Objections in Iowa stemmed from complaints of vulgar language in the film. The group was allowed to return and continue screening the movie, language and all, if they agreed to keep the subtitles off.
PETA challenged the Kansas State Fair's stipulation that the film be kept behind a screen, visible only to those who elected to watch. A U.S. District Court judge on Tuesday denied appeals from PETA and the American Civil Liberties Union that the fair's restrictions violated free speech.
PETA supporter Matt Bruce said the organization decided to nix plans for showing the film in order to better engage the Utah audience in conversation. Bruce is a Salt Lake native who moved to Los Angeles in order to work with PETA. He has been manning the Utah State Fair booth since gates opened Thursday.

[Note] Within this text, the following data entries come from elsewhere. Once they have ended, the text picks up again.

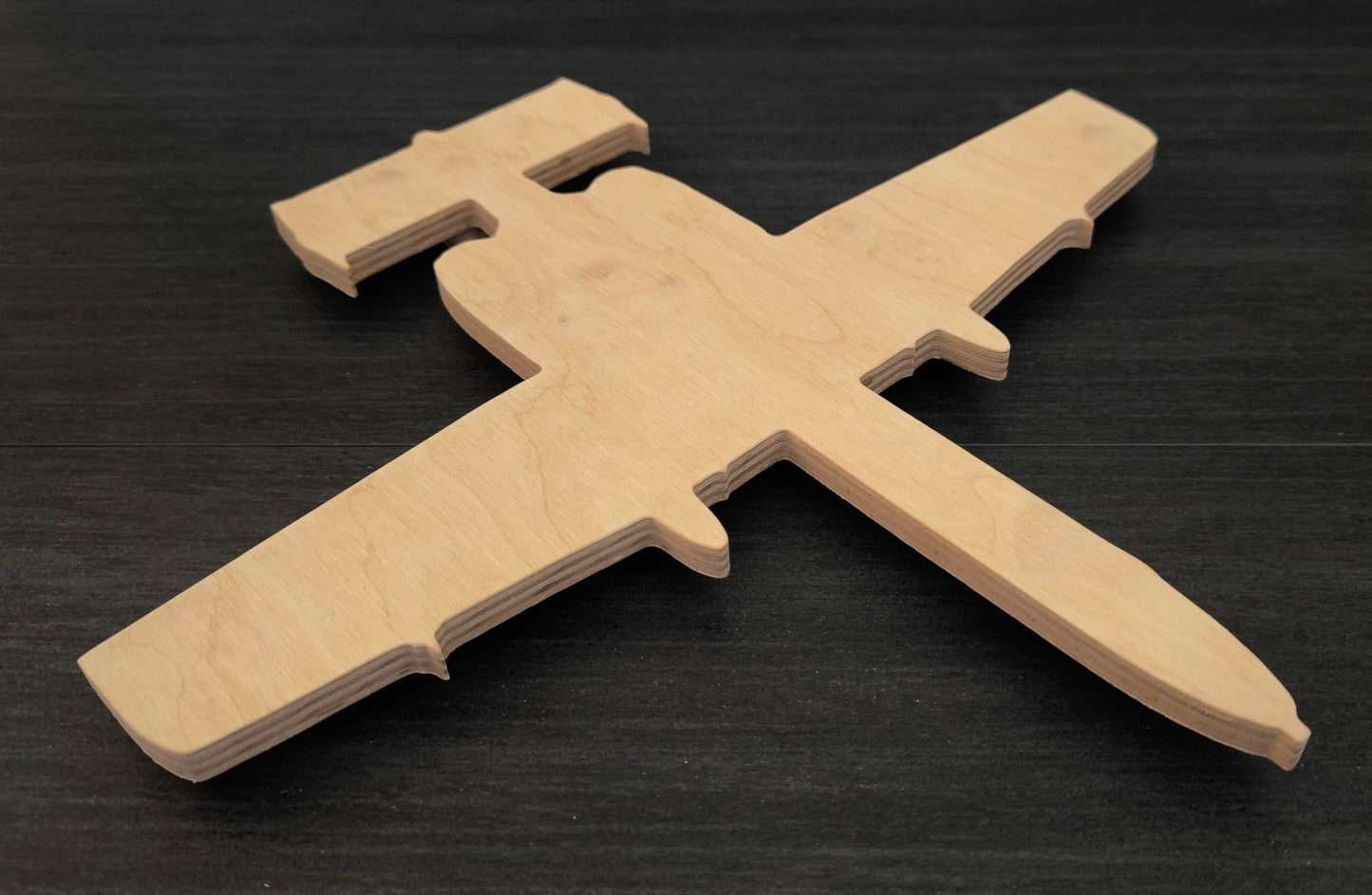 A10 Thunderbolt II Warthog Fairchild-Republic Holz LED Wanddekoration / Nachtlicht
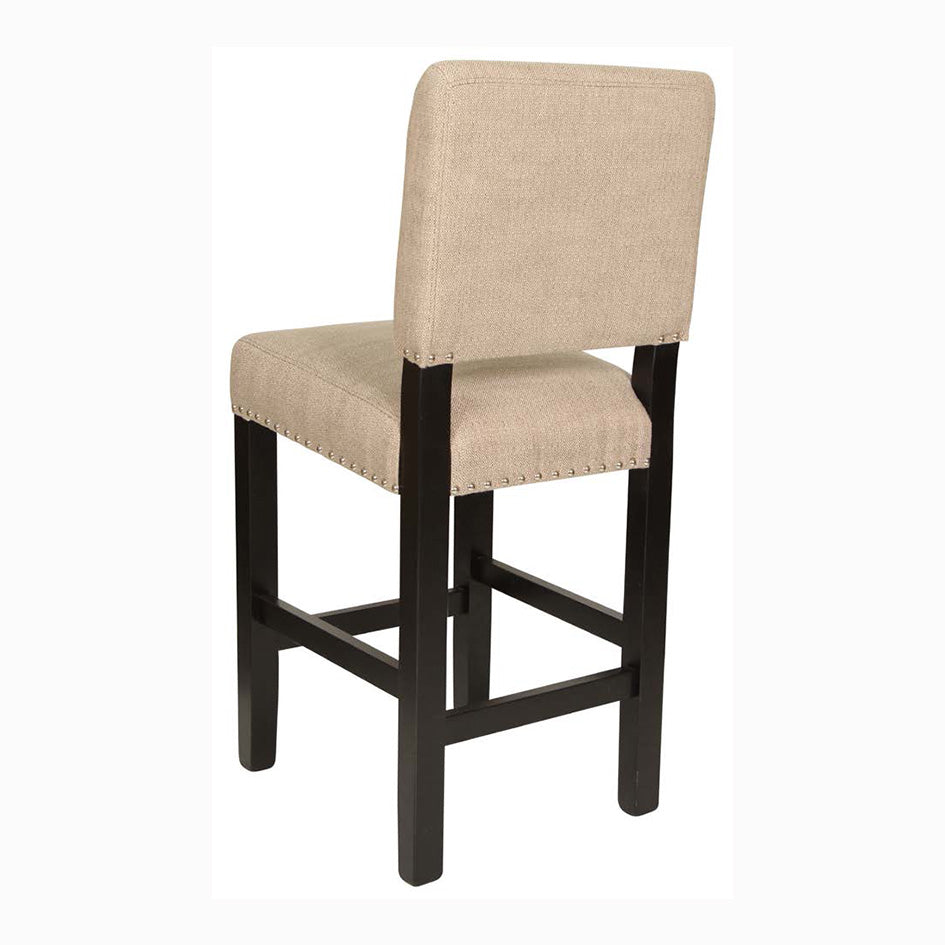 Terra Bar Upholstered Solid Wood Chair (With Nail Studding)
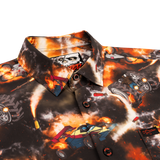Twisted (Black) Button Down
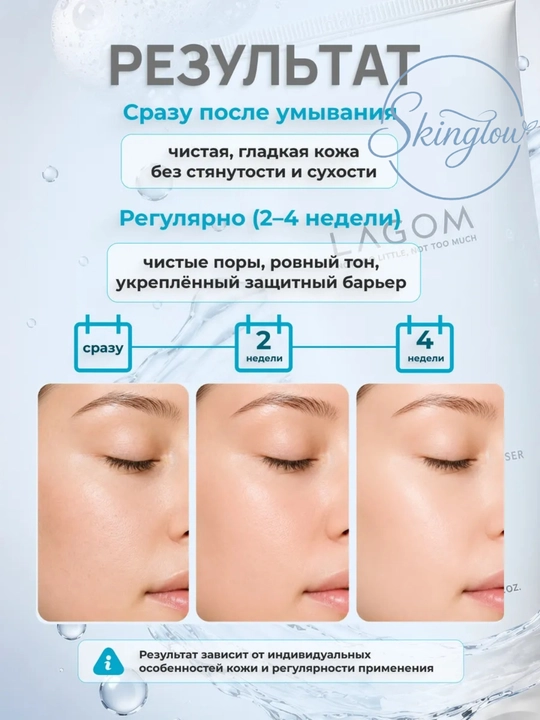 Пенка для умывания лица, для всех типов кожи, LAGOM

"We were planning on showing the video at all the fairs, but we decided to change things up a bit and focus on one-on-one conversations here," he said.
Bruce was with the group at the Iowa State Fair. He said that while the two approaches are different, they both are meant to initiate conversations about cruelty to animals.

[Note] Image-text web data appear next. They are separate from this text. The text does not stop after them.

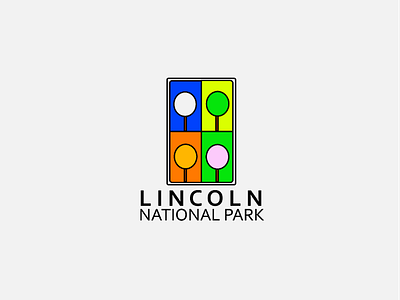 LINCOLN NATIONAL PARK 50daylogochallenge dailylogochallenge day20 graphic logodesign nationalpark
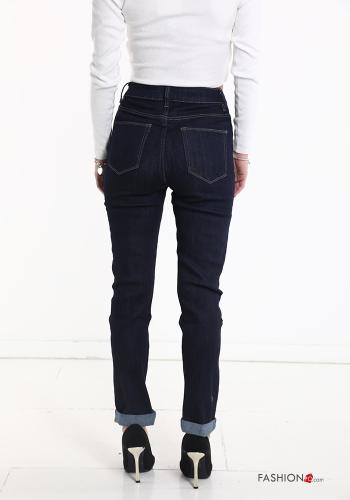 skinny Jeans aus Baumwolle mit Taschen - ph 2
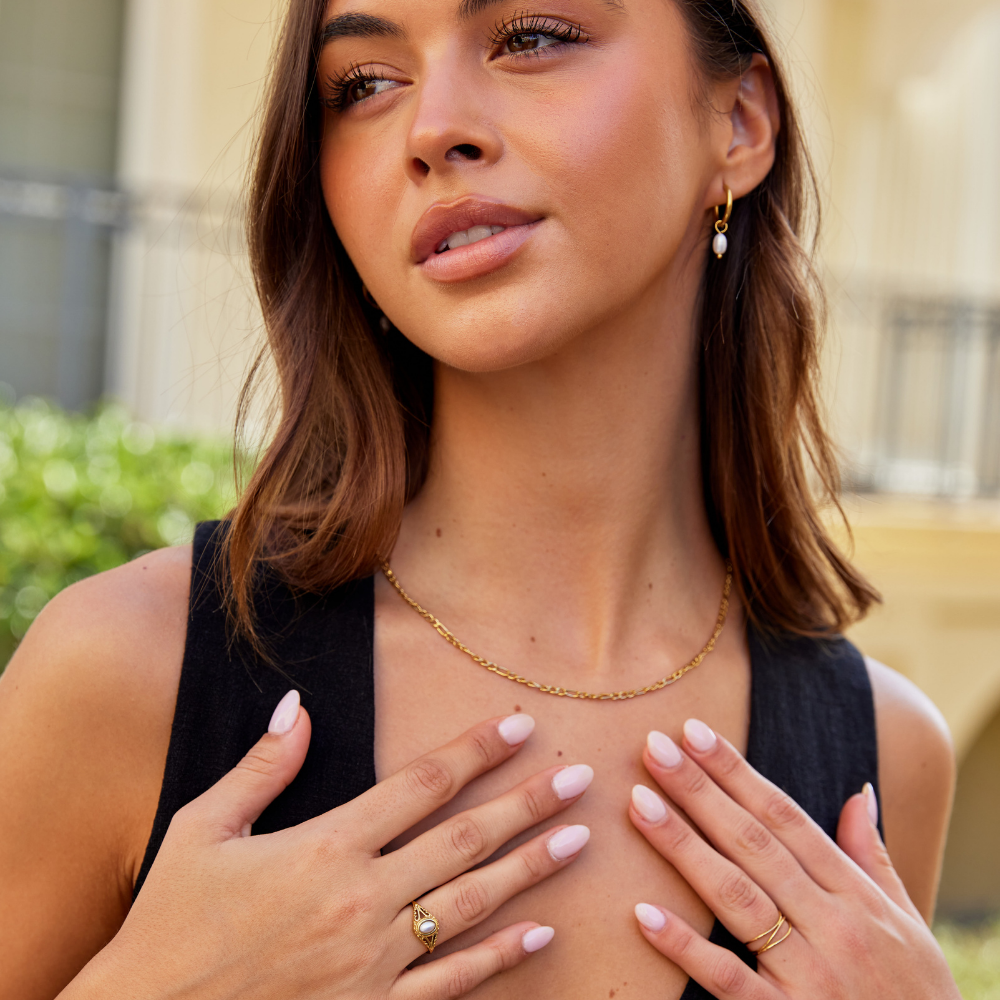 Royal Vintage Pearl Ring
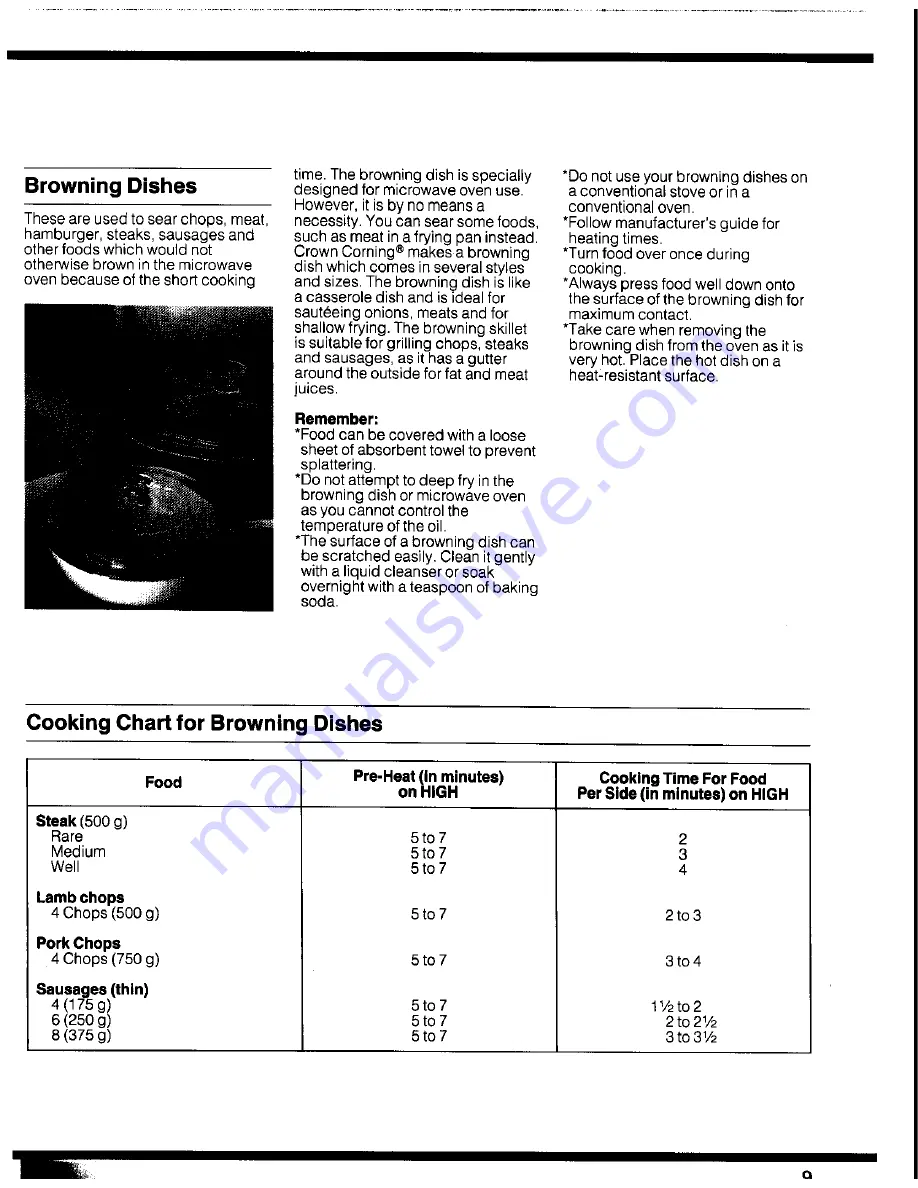 Panasonic DIMENTION 4 NN-8550 Cookbook Download Page 9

The group accepted the terms laid out by Utah State Fair officials, which stipulated that the graphic film not be shown. PETA didn't challenge the contract, and instead has free DVDs at its booth to distribute to any fairgoers who would like to watch it at home.
"PETA has been coming to Utah for years," Bruce said. "We always found that actually reaching out to people and talking to them was a much more effective way than being in their face."
Fair executive director Clark Caras said he welcomed PETA's decision not to screen the film and to accept the fair's contract. Caras said there have been no conflicts between PETA and the fair.
Caras, who counts raising animals for the 4H and FFA programs as a defining part of his youth, said agriculture will always be part of the Utah State Fair.
"It's about food and fun and agriculture," he said. "You can't have a fair without having agriculture."
More than 550 youth in 4H and FFA will bring market lambs, goats, hogs and steers to the fair this year. Animals are shown by the participants and later auctioned in bidding at prices elevated to provide money for the youth participating in the programs.
PETA opposes all animal consumption, Bruce said, including animals raised on family farms.
"We're asking people to think about animals the next time they eat, and to make the compassionate choice to leave them off their plate," he said.
Mark and Susan Watson of Roy said they attend the Utah State Fair every year. The couple took a moment to visit with Bruce at the PETA booth and accepted a DVD.
Susan Watson said she was surprised at PETA's presence at the fair, but didn't object. She said she was glad the film wasn't being played in public.
"I don't think they should show it at the state fair with the kids, but I think it's good they want to show both sides," she said.